O_ASYNC question

From: Amos Waterland (apw@us.ibm.com)
Date: Tue Jun 25 2002 - 11:30:52 EST


The man page for fcntl() says:

    If you set the O_ASYNC status flag on a file descriptor (either by
    providing this flag with the open(2) call, or by using the F_SETFL
    command of fcntl), a SIGIO signal is sent whenever input or output
    becomes possible on that file descriptor.

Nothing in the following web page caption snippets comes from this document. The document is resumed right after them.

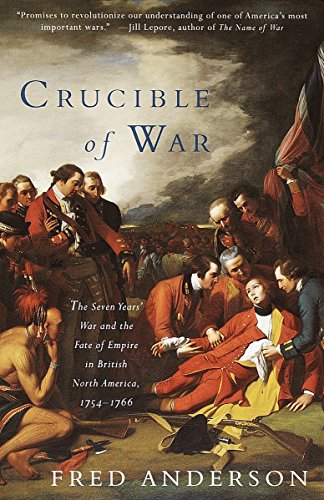 Crucible of War: The Seven Years' War and the Fate of Empire in British North America, 1754-1766 - Anderson, Fred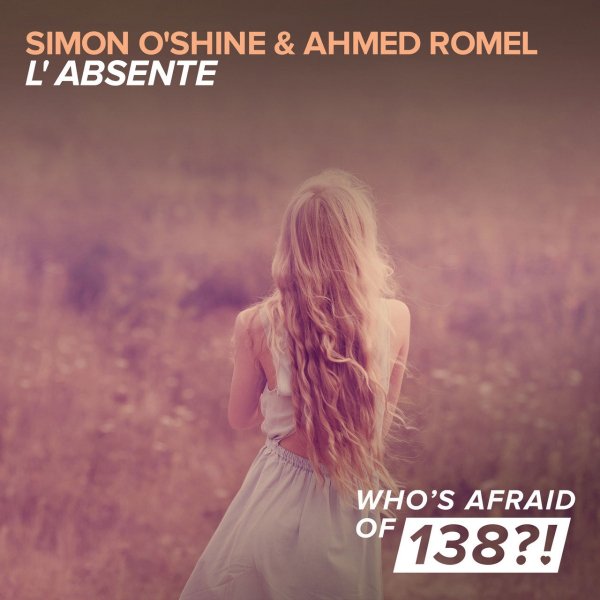 Simon O'Shine &amp; Ahmed Romel - L'Absente (Original Mix)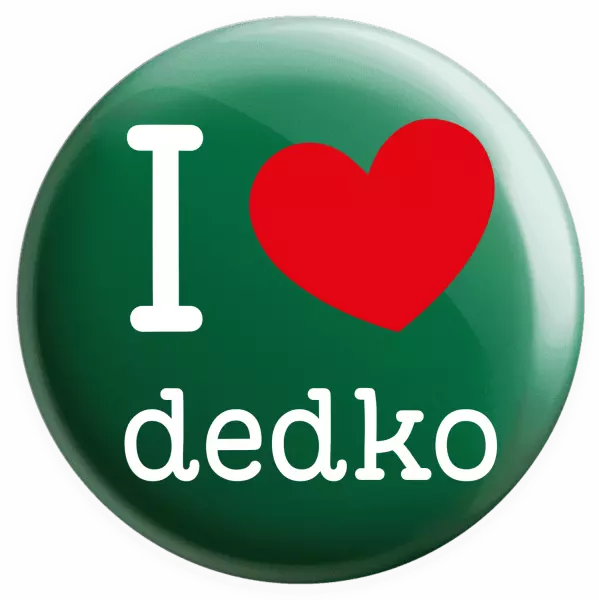 Placka I love dedko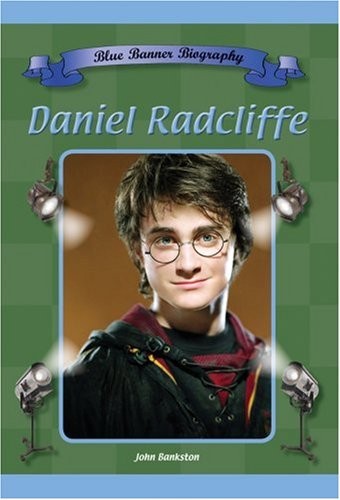 Daniel Radcliffe (Blue Banner Biography) – Bankston, John – Good – See condi…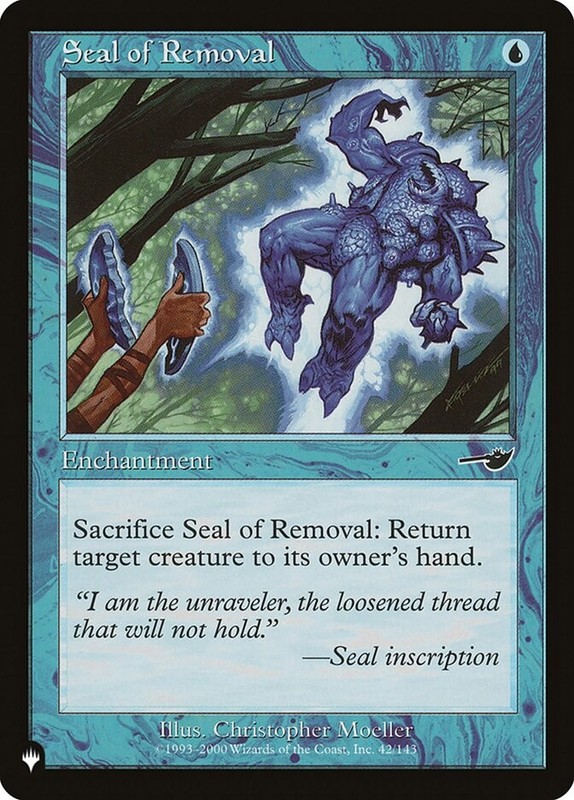MTG Magic the Gathering Seal of Removal (NEM-42/3034) The List LP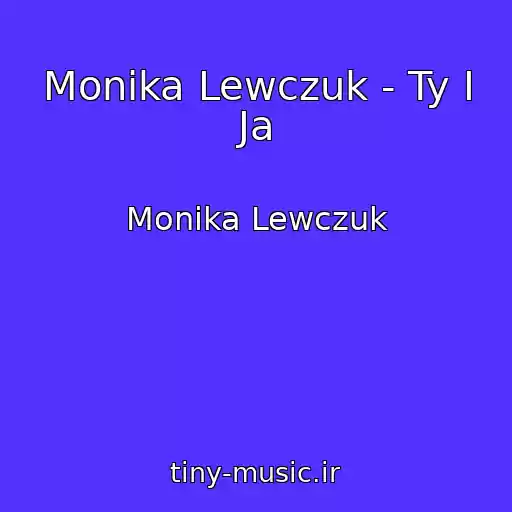 کاور آهنگ Monika Lewczuk - Ty I Ja از Monika Lewczuk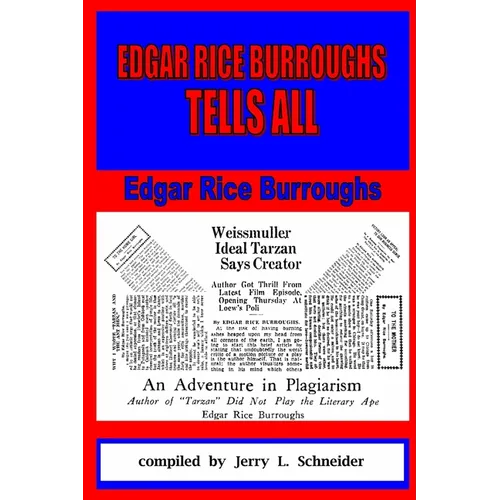 Edgar Rice Burroughs Tells All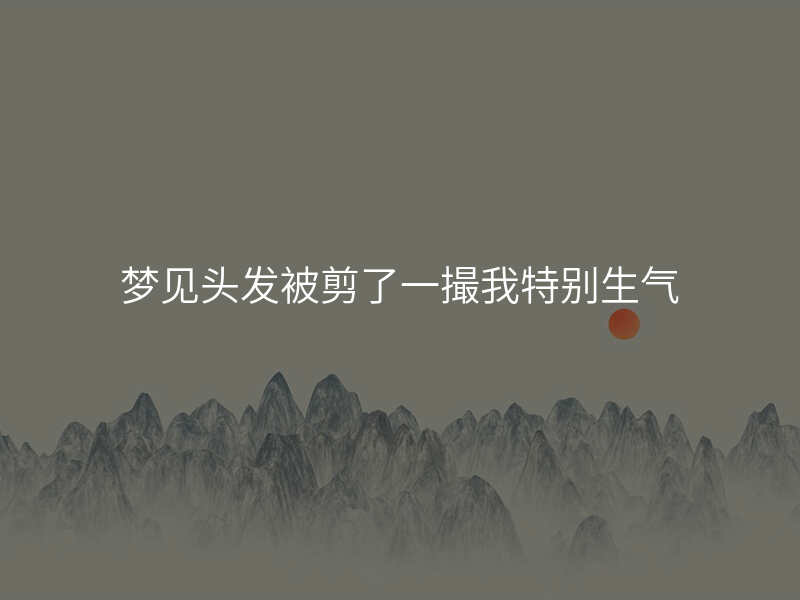梦见头发被剪了一撮我特别生气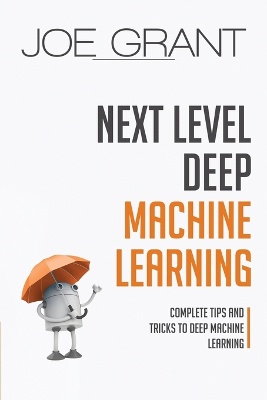 Next Level Deep Machine Learning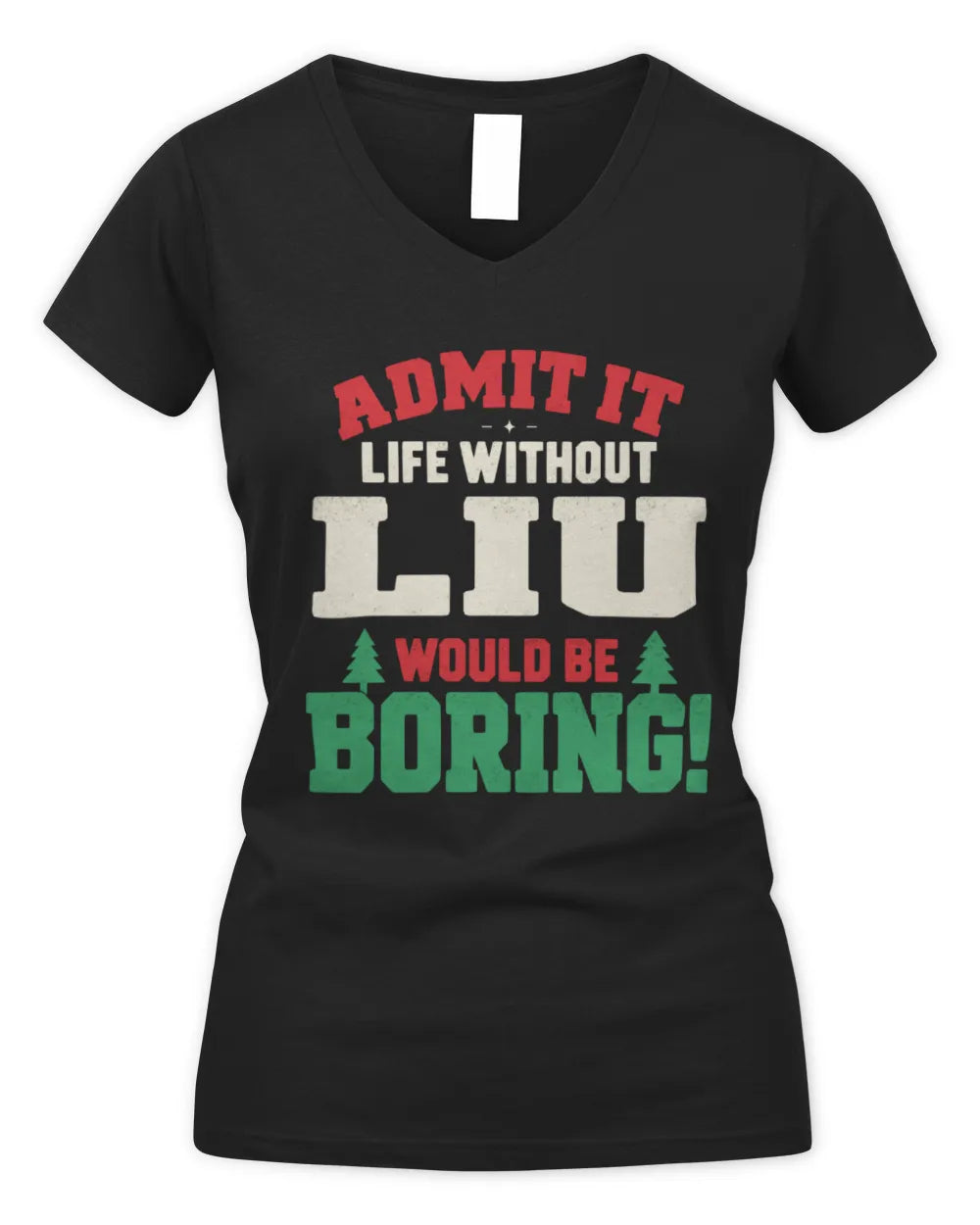 LIU P5 TH08 Christmas T-Shirt – “Life Without NAME Would Be Boring” - Women's V-Neck T-Shirt - Black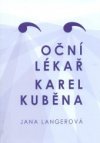 Oční lékař Karel Kuběna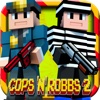 Cops N Robbs 2 - FPS Survival & Worldwide Multiplayer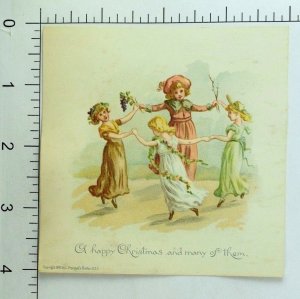 1890 Prang Christmas Card Lovely Young Girls Flowers Dancing Circle &U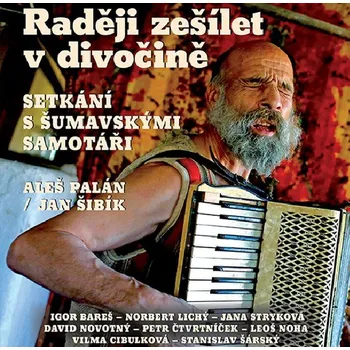 Raději zešílet v divočině: Setkání s šumavskými samotáři - Aleš Palán, Jan Šibík (čte Igor Bareš a další) [CDmp3]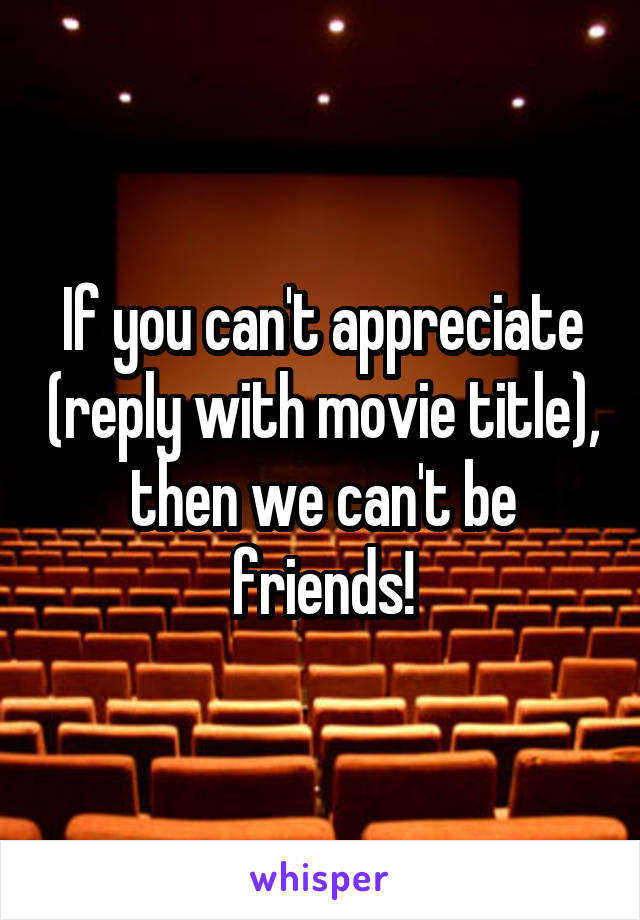 If you can't appreciate (reply with movie title), then we can't be friends!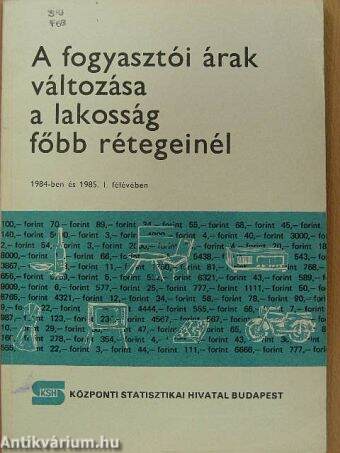 A fogyasztói árak változása a lakosság főbb rétegeinél 1984-ben és 1985. I. félévében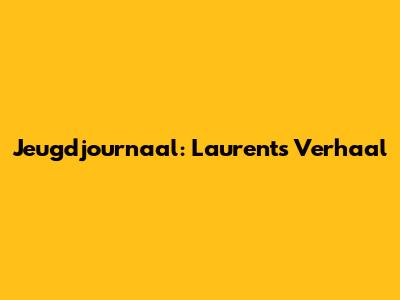 Jeugdjournaal: Laurent's Verhaal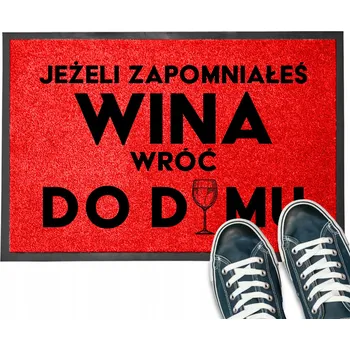 Rohožka VSTUPNÍ ROHOŽKA PŘED DVEŘE HIT S NÁPISEM JEŻELI ZAPOMNIAŁES WINA WRÓĆ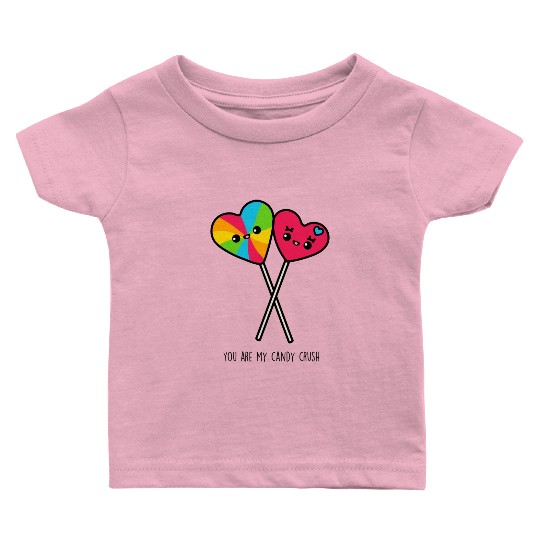You Are My Candy Crush Baby T Shirts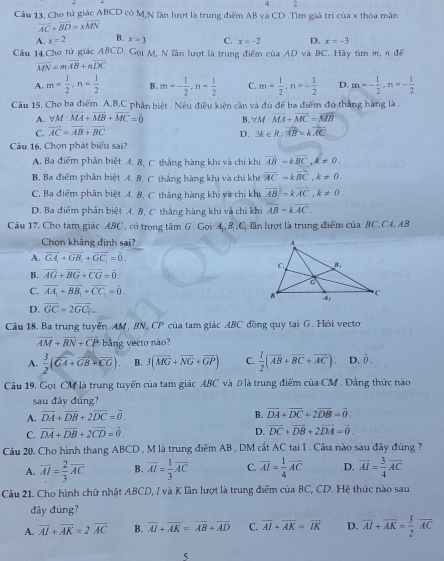 Cho tử giác ABCD có M,N lần lượt là trung điểm AB và CD .Tìm giả trị của x thỏa mãn
overline AC+overline BD=xoverline MN
A. x=2 B. x=3 C. x=-2 D. x=-3
Cầu 14.Cho tử giác ABCD. Gọi M, N lần lượt là trung điểm của AD và BC. Hãy tìm m, π đế
overline MN=moverline AB+noverline DC
A. m= 1/2 ,n= 1/2  B. m=- 1/2 ,n= 1/2  C. m= 1/2 ,n=- 1/2  D. m=- 1/2 ,n=- 1/2 
Câu 15. Cho ba điểm A,B,C phân biệt . Nêu điều kiện cần và đủ để ba điểm đó thắng hàng là .
A. forall M:vector MA+vector MB+vector MC=0 B. forall M:overline MA+overline MC=overline MB
C. overline AC=overline AB+overline BC 3k∈ R:overline AB=koverline AC
D.
Câu 16, Chọn phát biểu sai?
A. Ba điểm phân biệt A. B, C thắng hàng khi và chi khi overline AB=koverline BC,k!= 0.
B, Ba điểm phân biệt A, B, C thẳng hàng khi và chỉ khi vector AC=kvector BC,k!= 0.
C. Ba điểm phân biệt A. B, C thắng hàng khi và chi khi vector AB=koverline AC,k!= 0.
D. Ba điểm phân biệt A. B, C thẳng hàng khi và chỉ khi vector AB-kvector AC.
Câu 17. Cho tam giác ABC , có trọng tâm G. Gọi A,B,C, lần lượt là trung điểm của BC.CA, AB
Chọn khãng định sai?
A. overline GA_1+overline GB_1+overline GC_1=overline 0.
B. vector AG+vector BG+vector CG=vector 0.
C. overline AA_1+overline BB_1+overline CC_2=0.
D. vector GC=2vector GC,.
Cầu 18. Ba trung tuyến AM, BN, CP của tam giác ABC đồng quy tại G. Hỏi vecto
overline AM+overline BN+overline CP bằng vecto nào?
A.  3/2 (widehat GA+vector GB+overline CG). B. 3(vector MG+vector NG+vector GP). C.  1/2 (vector AB+vector BC+vector AC) D. overline 0.
Câu 19, Gọi CM là trung tuyến của tam giác ABC và Đ là trung điểm của CM . Đẳng thức nào
sau đây đúng?
A. vector DA+vector DB+2vector DC=vector 0. B. vector DA+vector DC+2vector DB=vector 0.
C. overline DA+overline DB+2overline CD=overline 0.
D. overline DC+overline DB+2overline DA=overline 0.
Câu 20. Cho hình thang ABCD , M là trung điểm AB , DM cắt AC tại I . Câu nào sau đây đúng ?
A. overline AI= 2/3 overline AC B. overline AI= 1/3 overline AC C. overline AI= 1/4 overline AC D. overline AI= 3/4 overline AC
Câu 21. Cho hình chữ nhật ABCD, I và K lân lượt là trung điểm của BC, CD. Hệ thức nào sau
đây đúng?
A. vector AI+vector AK=2vector AC B. overline AI+overline AK=overline AB+overline AD C. overline AI+overline AK=overline IK D. overline AI+overline AK= 3/2 overline AC
5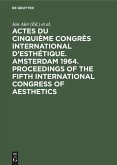 Actes du cinquième Congrès International d¿Esthétique. Amsterdam 1964. Proceedings of the fifth International Congress of Aesthetics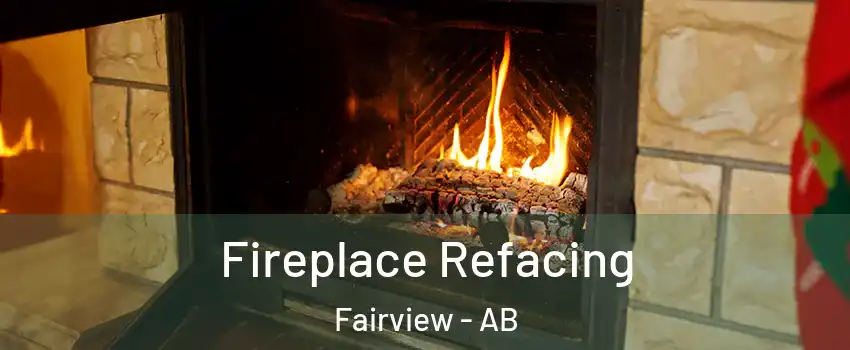  Fireplace Refacing Fairview - AB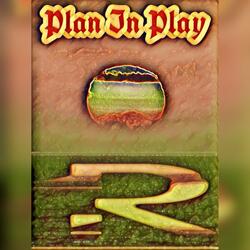 Plan In Play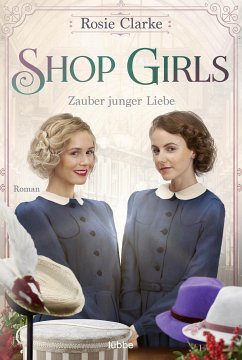 Zauber junger Liebe / Shop Girls Bd.2 (eBook, ePUB) - Clarke, Rosie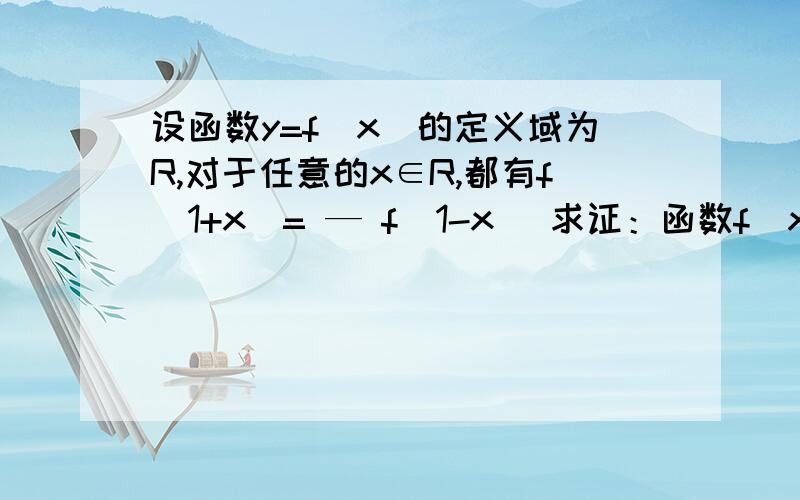 设函数y=f(x)的定义域为R,对于任意的x∈R,都有f(1+x)= — f(1-x) 求证：函数f(x)的图像关于点(1,0)对称设函数y=f(x)的定义域为R,对于任意的x∈R,都有f(1+x)= — f(1-x)求证：函数f(x)的图像关于点(1,0)对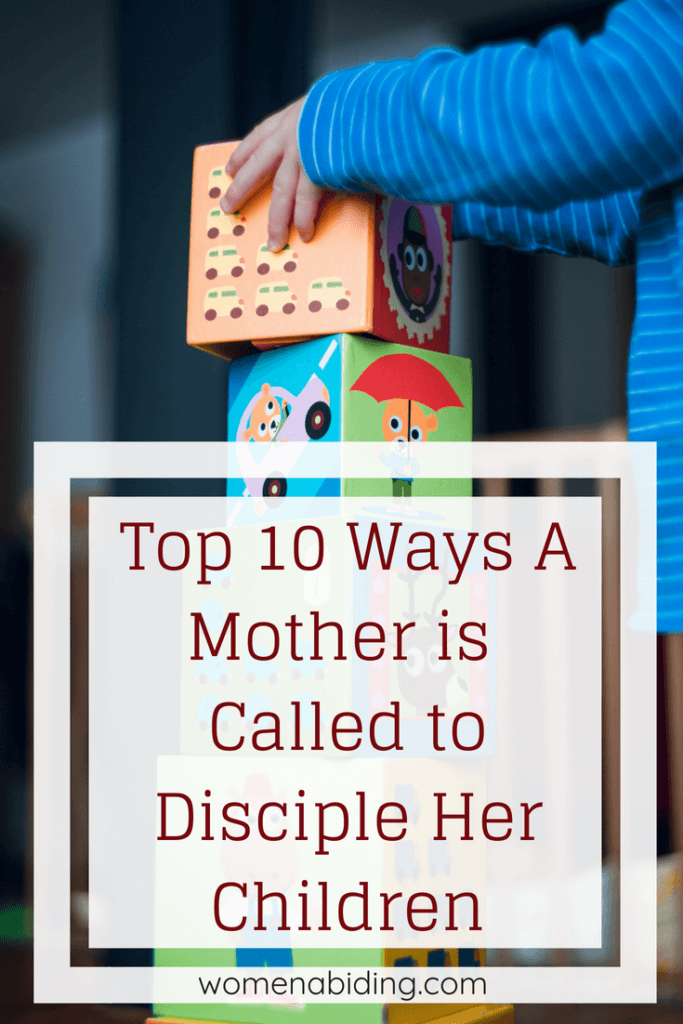 Top 10 Ways A Mother is Called to Disciple Her Children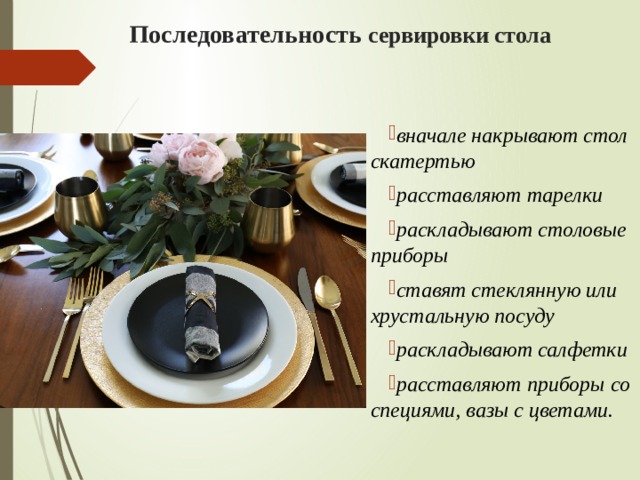 Последовательность сервировки стола  вначале накрывают стол скатертью расставляют тарелки раскладывают столовые приборы ставят стеклянную или хрустальную посуду раскладывают салфетки расставляют приборы со специями, вазы с цветами.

On a 2.4.18 kernel, this test program waits forever in sigwaitinfo():

    #include <fcntl.h>
    #include <signal.h>
    #include <stdio.h>
    #include <stdlib.h>
    #include <unistd.h>

    int main(int argc, char *argv[])
    {
      const int BYTES = 5000000;
      int i, fd;
      char buff[BYTES];
      char name[] = "/tmp/aio8.XXXXXX";
      sigset_t sigset;
      siginfo_t siginfo;

      if ((fd = open(name, O_CREAT|O_WRONLY|O_NONBLOCK|O_ASYNC, 0600)) < 0 ||
          unlink(name)) {
        perror("creating temp file"); exit(1);
      }

      for (i = 0; i < BYTES; i++) buff[i] = 'Z';

      if (sigemptyset(&sigset) || sigaddset(&sigset, SIGIO) ||
          sigprocmask(SIG_BLOCK, &sigset, NULL)) {
        perror("setting up signal mask"); exit(2);
      }

      if (write(fd, buff, BYTES) < 0) {
        perror("writing to temp file"); exit(3);
      }

      printf("recv sig: %i\n", sigwaitinfo(&sigset, &siginfo));

      return 0;
    }

Shouldn't SIGIO be raised when the write() completes? (Is O_ASYNC only
valid for sockets, maybe?) Thanks in advance.